Macro-F1 = compute F1 for each class, then take the unweighted average.
Every class counts equally, whether it has 10,000 examples or 10.
This is our primary evaluation metric for the entire course.
Why? Because we want our model to work well on all complaint types — not just the popular ones.
| Averaging | How it works | Good when... |
|---|---|---|
| Macro | Average F1 across classes equally | You care about rare classes as much as common ones |
| Micro | Pool all TP/FP/FN, compute one F1 | You care about overall correctness (≈ accuracy) |
| Weighted | Average F1, weighted by class size | You want a middle ground |
For this course: macro.
Micro F1 is basically accuracy in disguise for multiclass problems. It lets common classes dominate. Weighted is a compromise, but it still under-weights rare classes. Macro is the fairest to all classes.

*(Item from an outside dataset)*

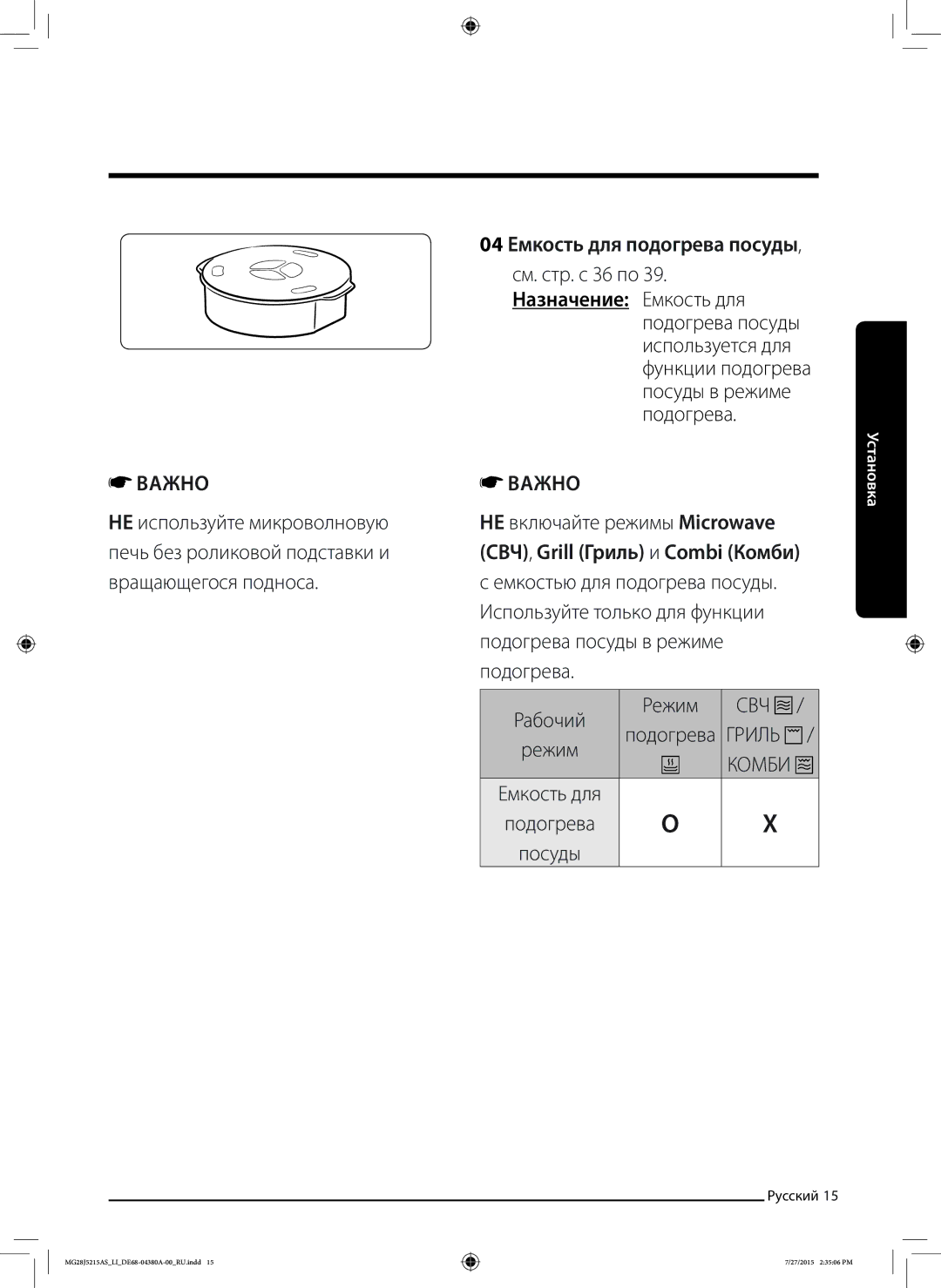 Samsung MG28J5215AS/LI manual 04 Емкость для подогрева посуды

Our dataset has 153 complaint categories in the raw data.
A majority-class predictor on this data:
Accuracy says "not bad." Macro-F1 says "you learned almost nothing." Macro-F1 is telling the truth.
Welcome to Module 04. This one is about how we measure whether our model is actually doing a good job. And I'll warn you up front — your intuition about what "good" means is probably wrong. Accuracy, the metric everyone reaches for first, can actively lie to you. Today we're going to understand why, and we're going to learn the metric we'll actually use all semester: macro-F1.

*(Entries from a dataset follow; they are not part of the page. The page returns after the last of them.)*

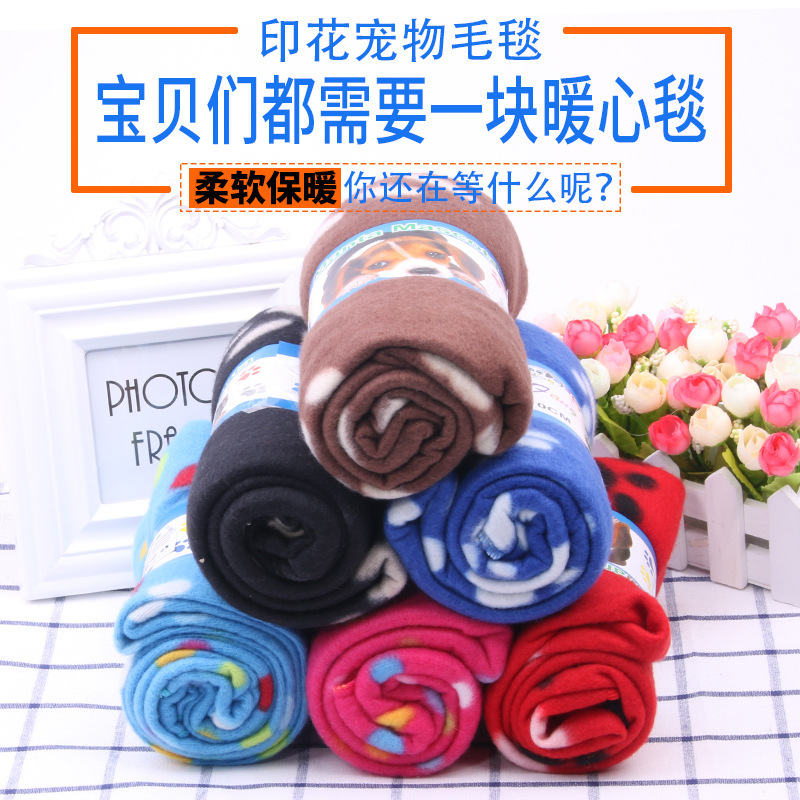 貓狗毯子可OEM/ODM代工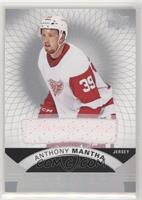 Anthony Mantha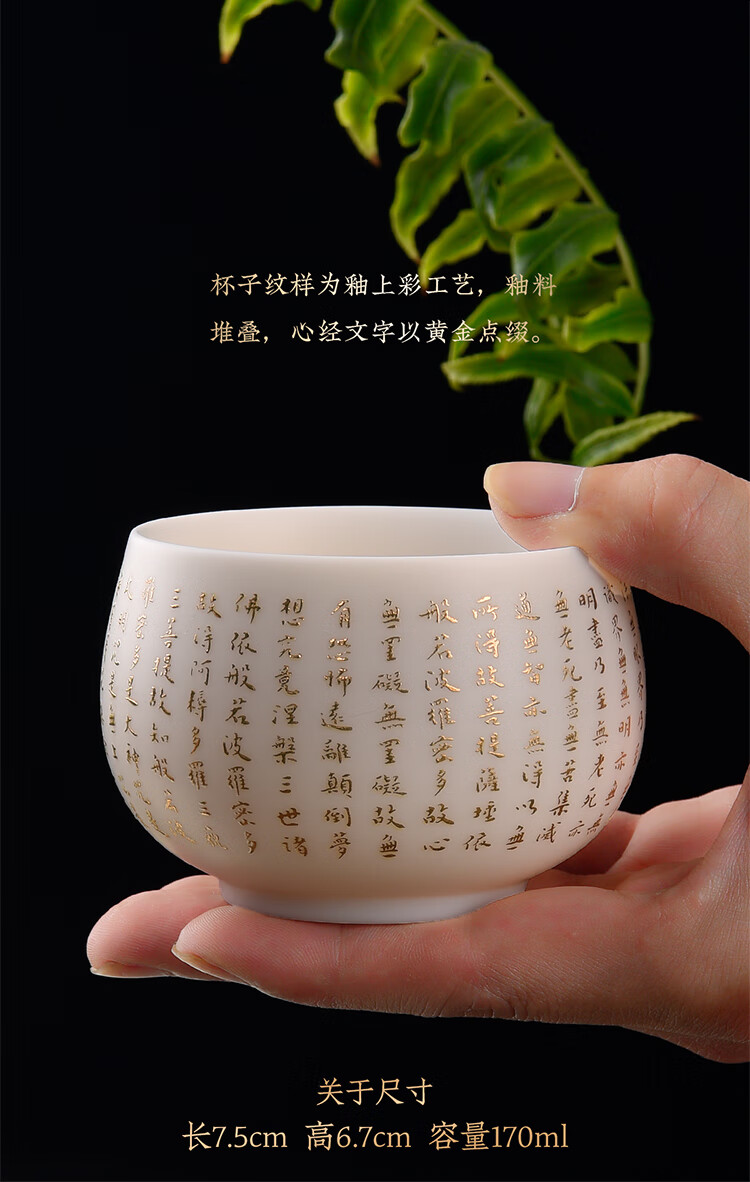 弘一法师心经杯匠仙弘一法师心经杯主人杯白瓷羊脂玉茶杯个人专用高端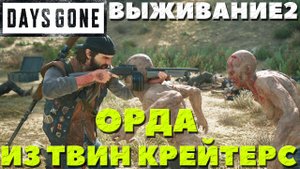 Days Gone(Жизнь После) - ?Орда из Твин Крейтерс(Twin Craters Hordes)! Сложность Выживание 2!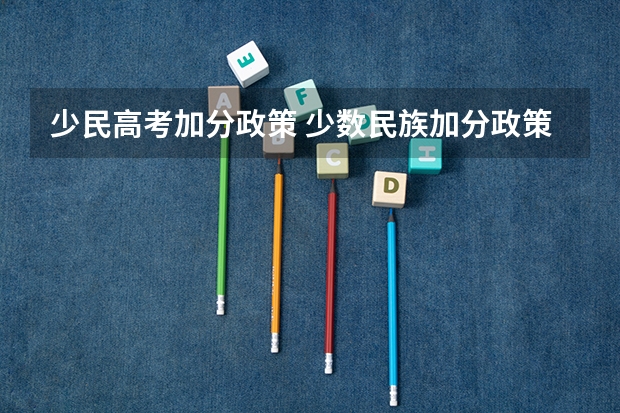 少民高考加分政策 少数民族加分政策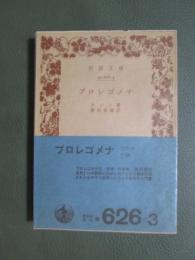プロレゴメナ　旧版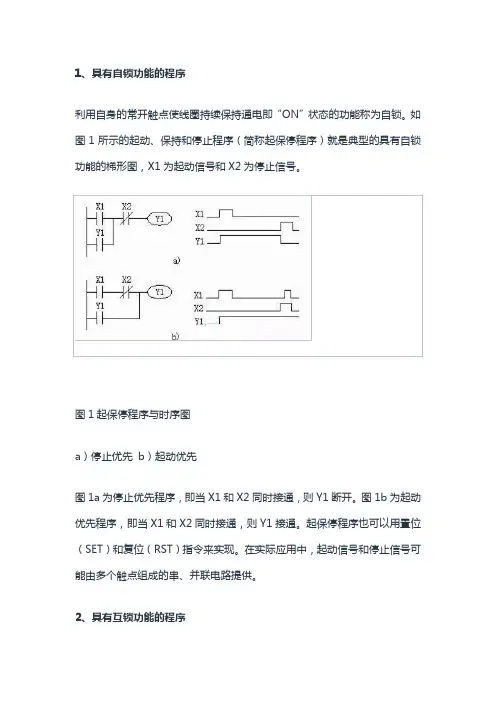 3张图搞定!PLC梯形图程序的自锁、互锁功能
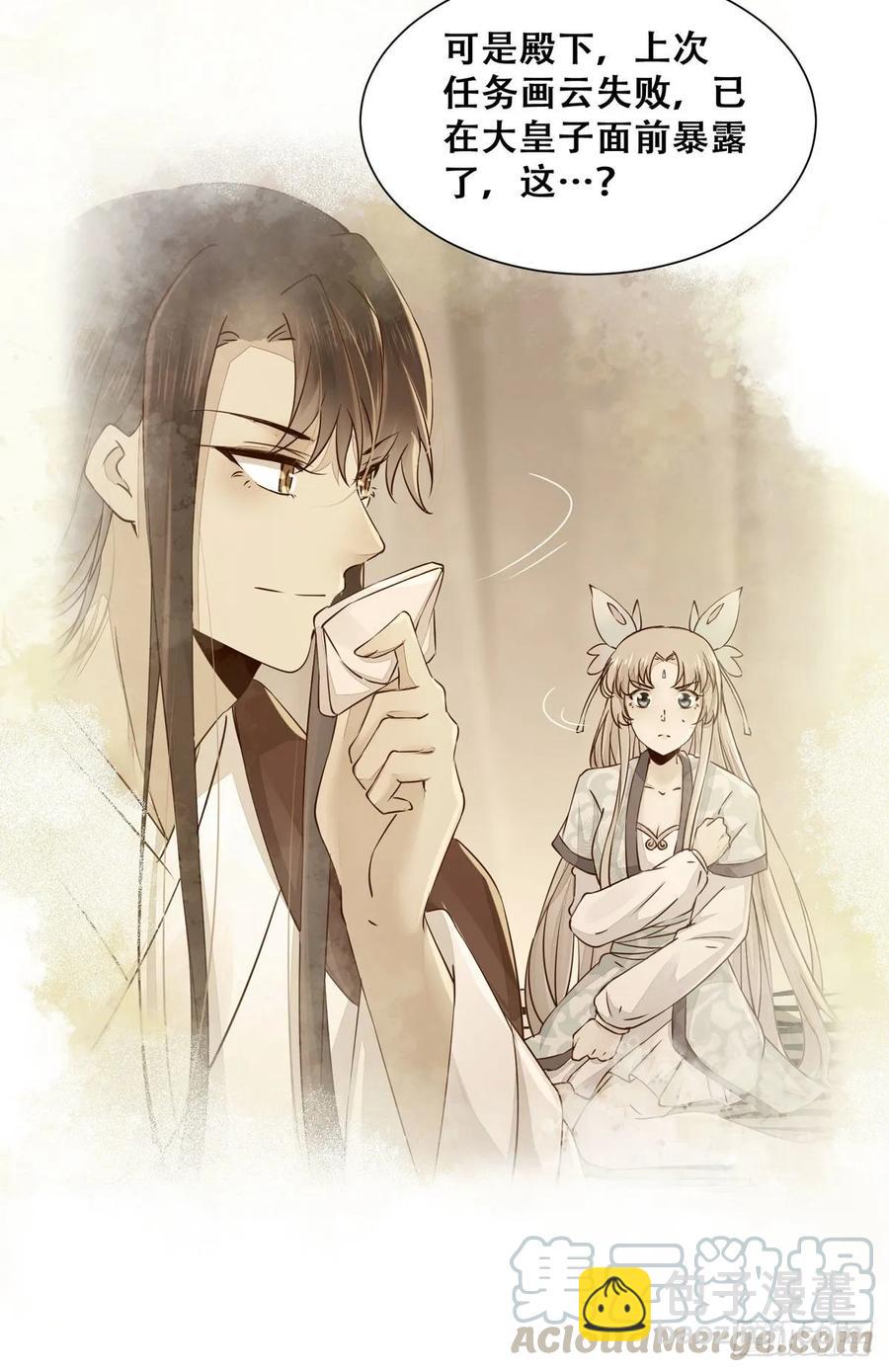 第85话 哥哥？妹妹？-第92话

Let me give you a scenario that will bother you. Suppose you have a hundred complaint categories. One category — say, "billing disputes" — makes up 40 percent of the data. The other 99 categories share the remaining 60 percent. Now imagine I build a model that always predicts "billing dispute" no matter what you give it. That model gets 40 percent accuracy. It has learned absolutely nothing. It can't classify a single rare complaint correctly. But 40 percent accuracy? That doesn't sound catastrophic. And here's the really insidious part — if you add a few more dominant classes, a dumb majority-class predictor can hit 50, 60, even 70 percent accuracy. Meanwhile it's completely useless for any rare class. Accuracy is dominated by whatever classes have the most examples.
So how do we get past accuracy and actually understand what the model is doing? The confusion matrix. It's a table where the rows are the true labels and the columns are the predicted labels. The diagonal — top-left to bottom-right — shows the counts where the model got it right. Everything off the diagonal is a mistake. Each cell tells you: "for examples that were truly class X, my model predicted class Y this many times." It's a complete accounting of every prediction your model made. No hiding behind a single number.
Let's read this matrix. Look at row B. Out of 50 class-B examples, the model only got 30 right. It called 8 of them A, and it called 12 of them C. So class B is the hardest class for our model. Now look at the relationship between B and C — the model confuses them in both directions. That's a signal. Maybe B and C have similar text. Maybe the labels are ambiguous. The confusion matrix doesn't just tell you "the model is 79 percent accurate." It tells you where it's confused and how badly. That's actionable information. When you're doing error analysis in this course, this is where you'll start.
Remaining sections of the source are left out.